- [BRIEF]:
Give back each line of the data exactly.

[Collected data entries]
[Start of Attachment]

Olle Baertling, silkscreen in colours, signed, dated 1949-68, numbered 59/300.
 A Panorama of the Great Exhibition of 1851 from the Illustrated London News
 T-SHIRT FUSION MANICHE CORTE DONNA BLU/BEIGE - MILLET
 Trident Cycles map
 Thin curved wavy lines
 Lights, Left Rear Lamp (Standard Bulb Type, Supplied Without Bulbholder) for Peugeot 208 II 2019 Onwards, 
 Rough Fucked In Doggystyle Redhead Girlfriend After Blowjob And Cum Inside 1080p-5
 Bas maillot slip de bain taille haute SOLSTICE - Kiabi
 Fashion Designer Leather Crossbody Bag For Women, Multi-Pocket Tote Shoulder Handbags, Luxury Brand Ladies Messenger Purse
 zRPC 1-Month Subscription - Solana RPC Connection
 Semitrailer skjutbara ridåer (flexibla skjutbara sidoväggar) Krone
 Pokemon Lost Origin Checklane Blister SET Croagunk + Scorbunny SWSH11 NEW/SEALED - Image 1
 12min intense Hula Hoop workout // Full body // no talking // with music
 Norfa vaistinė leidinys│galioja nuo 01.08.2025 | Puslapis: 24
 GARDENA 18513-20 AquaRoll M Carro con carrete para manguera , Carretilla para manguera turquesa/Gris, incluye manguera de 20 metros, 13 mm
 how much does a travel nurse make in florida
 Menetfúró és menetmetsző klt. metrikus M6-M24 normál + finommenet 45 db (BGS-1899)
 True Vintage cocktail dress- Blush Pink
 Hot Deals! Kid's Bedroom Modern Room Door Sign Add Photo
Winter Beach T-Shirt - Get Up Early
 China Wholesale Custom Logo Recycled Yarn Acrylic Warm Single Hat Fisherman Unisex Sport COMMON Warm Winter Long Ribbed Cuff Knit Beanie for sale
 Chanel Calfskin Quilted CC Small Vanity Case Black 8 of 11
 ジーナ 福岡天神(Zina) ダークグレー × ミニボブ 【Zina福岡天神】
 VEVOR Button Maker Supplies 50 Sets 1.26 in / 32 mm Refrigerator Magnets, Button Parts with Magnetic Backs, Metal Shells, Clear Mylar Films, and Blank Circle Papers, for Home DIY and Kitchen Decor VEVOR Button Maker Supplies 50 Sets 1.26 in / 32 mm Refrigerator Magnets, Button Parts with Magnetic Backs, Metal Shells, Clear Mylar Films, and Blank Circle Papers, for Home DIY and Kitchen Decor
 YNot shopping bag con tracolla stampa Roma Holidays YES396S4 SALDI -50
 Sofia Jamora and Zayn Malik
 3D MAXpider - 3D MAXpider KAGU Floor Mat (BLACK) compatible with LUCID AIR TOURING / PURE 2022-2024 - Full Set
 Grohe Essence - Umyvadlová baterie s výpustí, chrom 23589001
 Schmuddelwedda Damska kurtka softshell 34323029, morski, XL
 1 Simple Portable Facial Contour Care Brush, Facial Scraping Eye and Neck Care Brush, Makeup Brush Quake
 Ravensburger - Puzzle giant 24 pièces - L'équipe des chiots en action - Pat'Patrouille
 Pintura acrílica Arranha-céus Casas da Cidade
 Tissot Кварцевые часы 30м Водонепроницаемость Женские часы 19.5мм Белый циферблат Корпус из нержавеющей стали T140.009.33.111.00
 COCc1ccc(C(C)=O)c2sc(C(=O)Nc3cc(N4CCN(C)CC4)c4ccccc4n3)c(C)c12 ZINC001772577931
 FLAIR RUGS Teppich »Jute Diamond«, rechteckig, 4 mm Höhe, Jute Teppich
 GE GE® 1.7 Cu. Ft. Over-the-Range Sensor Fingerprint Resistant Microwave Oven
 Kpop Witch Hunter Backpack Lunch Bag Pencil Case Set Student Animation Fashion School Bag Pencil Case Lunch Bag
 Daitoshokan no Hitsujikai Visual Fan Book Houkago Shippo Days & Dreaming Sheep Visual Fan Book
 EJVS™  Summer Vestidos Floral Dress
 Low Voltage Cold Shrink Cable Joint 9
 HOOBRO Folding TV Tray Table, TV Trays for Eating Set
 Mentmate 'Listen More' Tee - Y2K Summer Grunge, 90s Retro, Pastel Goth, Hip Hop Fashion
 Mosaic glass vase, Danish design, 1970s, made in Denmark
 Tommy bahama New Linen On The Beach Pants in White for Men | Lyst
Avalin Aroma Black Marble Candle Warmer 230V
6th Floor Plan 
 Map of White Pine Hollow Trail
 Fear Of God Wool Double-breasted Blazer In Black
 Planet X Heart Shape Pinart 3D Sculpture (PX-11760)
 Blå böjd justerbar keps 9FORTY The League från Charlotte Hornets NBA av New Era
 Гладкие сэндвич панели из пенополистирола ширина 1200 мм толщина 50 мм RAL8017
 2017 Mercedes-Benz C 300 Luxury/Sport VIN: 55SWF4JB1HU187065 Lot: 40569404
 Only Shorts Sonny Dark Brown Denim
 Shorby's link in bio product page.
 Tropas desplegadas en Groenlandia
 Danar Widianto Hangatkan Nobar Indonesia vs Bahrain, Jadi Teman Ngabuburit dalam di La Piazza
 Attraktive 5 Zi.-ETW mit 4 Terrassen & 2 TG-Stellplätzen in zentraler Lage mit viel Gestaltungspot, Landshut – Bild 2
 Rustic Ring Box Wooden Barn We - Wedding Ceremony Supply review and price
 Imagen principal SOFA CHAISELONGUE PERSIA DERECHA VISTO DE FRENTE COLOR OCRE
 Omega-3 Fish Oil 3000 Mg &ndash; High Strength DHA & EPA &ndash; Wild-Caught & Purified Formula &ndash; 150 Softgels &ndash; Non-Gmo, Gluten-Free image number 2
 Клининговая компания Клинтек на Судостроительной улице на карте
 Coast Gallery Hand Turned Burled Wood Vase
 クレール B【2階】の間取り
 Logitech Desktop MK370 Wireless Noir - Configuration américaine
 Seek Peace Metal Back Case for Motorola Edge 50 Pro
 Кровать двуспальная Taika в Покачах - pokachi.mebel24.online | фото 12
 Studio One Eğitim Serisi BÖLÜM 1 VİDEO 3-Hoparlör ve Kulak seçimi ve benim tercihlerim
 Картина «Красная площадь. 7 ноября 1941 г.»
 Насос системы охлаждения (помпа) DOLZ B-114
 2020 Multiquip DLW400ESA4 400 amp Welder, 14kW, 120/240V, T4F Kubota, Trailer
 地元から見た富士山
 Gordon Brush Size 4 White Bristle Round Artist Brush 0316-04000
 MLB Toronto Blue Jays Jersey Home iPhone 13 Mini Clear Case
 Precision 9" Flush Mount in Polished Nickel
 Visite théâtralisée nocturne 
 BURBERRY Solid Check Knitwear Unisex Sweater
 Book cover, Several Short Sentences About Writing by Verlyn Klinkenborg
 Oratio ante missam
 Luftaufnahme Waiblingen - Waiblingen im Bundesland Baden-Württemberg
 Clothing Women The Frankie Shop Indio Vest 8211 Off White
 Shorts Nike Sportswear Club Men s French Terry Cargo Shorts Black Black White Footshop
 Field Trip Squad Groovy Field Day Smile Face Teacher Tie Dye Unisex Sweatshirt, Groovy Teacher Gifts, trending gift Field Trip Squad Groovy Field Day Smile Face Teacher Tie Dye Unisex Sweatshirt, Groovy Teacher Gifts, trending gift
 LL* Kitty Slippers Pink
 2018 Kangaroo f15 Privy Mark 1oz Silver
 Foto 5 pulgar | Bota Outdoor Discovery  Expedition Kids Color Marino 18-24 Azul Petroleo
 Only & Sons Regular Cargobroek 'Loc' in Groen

[End of Attachment]

- [RESULT FOR THIS EXERCISE]:
Olle Baertling, silkscreen in colours, signed, dated 1949-68, numbered 59/300.
 A Panorama of the Great Exhibition of 1851 from the Illustrated London News
 T-SHIRT FUSION MANICHE CORTE DONNA BLU/BEIGE - MILLET
 Trident Cycles map
 Thin curved wavy lines
 Lights, Left Rear Lamp (Standard Bulb Type, Supplied Without Bulbholder) for Peugeot 208 II 2019 Onwards, 
 Rough Fucked In Doggystyle Redhead Girlfriend After Blowjob And Cum Inside 1080p-5
 Bas maillot slip de bain taille haute SOLSTICE - Kiabi
 Fashion Designer Leather Crossbody Bag For Women, Multi-Pocket Tote Shoulder Handbags, Luxury Brand Ladies Messenger Purse
 zRPC 1-Month Subscription - Solana RPC Connection
 Semitrailer skjutbara ridåer (flexibla skjutbara sidoväggar) Krone
 Pokemon Lost Origin Checklane Blister SET Croagunk + Scorbunny SWSH11 NEW/SEALED - Image 1
 12min intense Hula Hoop workout // Full body // no talking // with music
 Norfa vaistinė leidinys│galioja nuo 01.08.2025 | Puslapis: 24
 GARDENA 18513-20 AquaRoll M Carro con carrete para manguera , Carretilla para manguera turquesa/Gris, incluye manguera de 20 metros, 13 mm
 how much does a travel nurse make in florida
 Menetfúró és menetmetsző klt. metrikus M6-M24 normál + finommenet 45 db (BGS-1899)
 True Vintage cocktail dress- Blush Pink
 Hot Deals! Kid's Bedroom Modern Room Door Sign Add Photo
Winter Beach T-Shirt - Get Up Early
 China Wholesale Custom Logo Recycled Yarn Acrylic Warm Single Hat Fisherman Unisex Sport COMMON Warm Winter Long Ribbed Cuff Knit Beanie for sale
 Chanel Calfskin Quilted CC Small Vanity Case Black 8 of 11
 ジーナ 福岡天神(Zina) ダークグレー × ミニボブ 【Zina福岡天神】
 VEVOR Button Maker Supplies 50 Sets 1.26 in / 32 mm Refrigerator Magnets, Button Parts with Magnetic Backs, Metal Shells, Clear Mylar Films, and Blank Circle Papers, for Home DIY and Kitchen Decor VEVOR Button Maker Supplies 50 Sets 1.26 in / 32 mm Refrigerator Magnets, Button Parts with Magnetic Backs, Metal Shells, Clear Mylar Films, and Blank Circle Papers, for Home DIY and Kitchen Decor
 YNot shopping bag con tracolla stampa Roma Holidays YES396S4 SALDI -50
 Sofia Jamora and Zayn Malik
 3D MAXpider - 3D MAXpider KAGU Floor Mat (BLACK) compatible with LUCID AIR TOURING / PURE 2022-2024 - Full Set
 Grohe Essence - Umyvadlová baterie s výpustí, chrom 23589001
 Schmuddelwedda Damska kurtka softshell 34323029, morski, XL
 1 Simple Portable Facial Contour Care Brush, Facial Scraping Eye and Neck Care Brush, Makeup Brush Quake
 Ravensburger - Puzzle giant 24 pièces - L'équipe des chiots en action - Pat'Patrouille
 Pintura acrílica Arranha-céus Casas da Cidade
 Tissot Кварцевые часы 30м Водонепроницаемость Женские часы 19.5мм Белый циферблат Корпус из нержавеющей стали T140.009.33.111.00
 COCc1ccc(C(C)=O)c2sc(C(=O)Nc3cc(N4CCN(C)CC4)c4ccccc4n3)c(C)c12 ZINC001772577931
 FLAIR RUGS Teppich »Jute Diamond«, rechteckig, 4 mm Höhe, Jute Teppich
 GE GE® 1.7 Cu. Ft. Over-the-Range Sensor Fingerprint Resistant Microwave Oven
 Kpop Witch Hunter Backpack Lunch Bag Pencil Case Set Student Animation Fashion School Bag Pencil Case Lunch Bag
 Daitoshokan no Hitsujikai Visual Fan Book Houkago Shippo Days & Dreaming Sheep Visual Fan Book
 EJVS™  Summer Vestidos Floral Dress
 Low Voltage Cold Shrink Cable Joint 9
 HOOBRO Folding TV Tray Table, TV Trays for Eating Set
 Mentmate 'Listen More' Tee - Y2K Summer Grunge, 90s Retro, Pastel Goth, Hip Hop Fashion
 Mosaic glass vase, Danish design, 1970s, made in Denmark
 Tommy bahama New Linen On The Beach Pants in White for Men | Lyst
Avalin Aroma Black Marble Candle Warmer 230V
6th Floor Plan 
 Map of White Pine Hollow Trail
 Fear Of God Wool Double-breasted Blazer In Black
 Planet X Heart Shape Pinart 3D Sculpture (PX-11760)
 Blå böjd justerbar keps 9FORTY The League från Charlotte Hornets NBA av New Era
 Гладкие сэндвич панели из пенополистирола ширина 1200 мм толщина 50 мм RAL8017
 2017 Mercedes-Benz C 300 Luxury/Sport VIN: 55SWF4JB1HU187065 Lot: 40569404
 Only Shorts Sonny Dark Brown Denim
 Shorby's link in bio product page.
 Tropas desplegadas en Groenlandia
 Danar Widianto Hangatkan Nobar Indonesia vs Bahrain, Jadi Teman Ngabuburit dalam di La Piazza
 Attraktive 5 Zi.-ETW mit 4 Terrassen & 2 TG-Stellplätzen in zentraler Lage mit viel Gestaltungspot, Landshut – Bild 2
 Rustic Ring Box Wooden Barn We - Wedding Ceremony Supply review and price
 Imagen principal SOFA CHAISELONGUE PERSIA DERECHA VISTO DE FRENTE COLOR OCRE
 Omega-3 Fish Oil 3000 Mg &ndash; High Strength DHA & EPA &ndash; Wild-Caught & Purified Formula &ndash; 150 Softgels &ndash; Non-Gmo, Gluten-Free image number 2
 Клининговая компания Клинтек на Судостроительной улице на карте
 Coast Gallery Hand Turned Burled Wood Vase
 クレール B【2階】の間取り
 Logitech Desktop MK370 Wireless Noir - Configuration américaine
 Seek Peace Metal Back Case for Motorola Edge 50 Pro
 Кровать двуспальная Taika в Покачах - pokachi.mebel24.online | фото 12
 Studio One Eğitim Serisi BÖLÜM 1 VİDEO 3-Hoparlör ve Kulak seçimi ve benim tercihlerim
 Картина «Красная площадь. 7 ноября 1941 г.»
 Насос системы охлаждения (помпа) DOLZ B-114
 2020 Multiquip DLW400ESA4 400 amp Welder, 14kW, 120/240V, T4F Kubota, Trailer
 地元から見た富士山
 Gordon Brush Size 4 White Bristle Round Artist Brush 0316-04000
 MLB Toronto Blue Jays Jersey Home iPhone 13 Mini Clear Case
 Precision 9" Flush Mount in Polished Nickel
 Visite théâtralisée nocturne 
 BURBERRY Solid Check Knitwear Unisex Sweater
 Book cover, Several Short Sentences About Writing by Verlyn Klinkenborg
 Oratio ante missam
 Luftaufnahme Waiblingen - Waiblingen im Bundesland Baden-Württemberg
 Clothing Women The Frankie Shop Indio Vest 8211 Off White
 Shorts Nike Sportswear Club Men s French Terry Cargo Shorts Black Black White Footshop
 Field Trip Squad Groovy Field Day Smile Face Teacher Tie Dye Unisex Sweatshirt, Groovy Teacher Gifts, trending gift Field Trip Squad Groovy Field Day Smile Face Teacher Tie Dye Unisex Sweatshirt, Groovy Teacher Gifts, trending gift
 LL* Kitty Slippers Pink
 2018 Kangaroo f15 Privy Mark 1oz Silver
 Foto 5 pulgar | Bota Outdoor Discovery  Expedition Kids Color Marino 18-24 Azul Petroleo
 Only & Sons Regular Cargobroek 'Loc' in Groen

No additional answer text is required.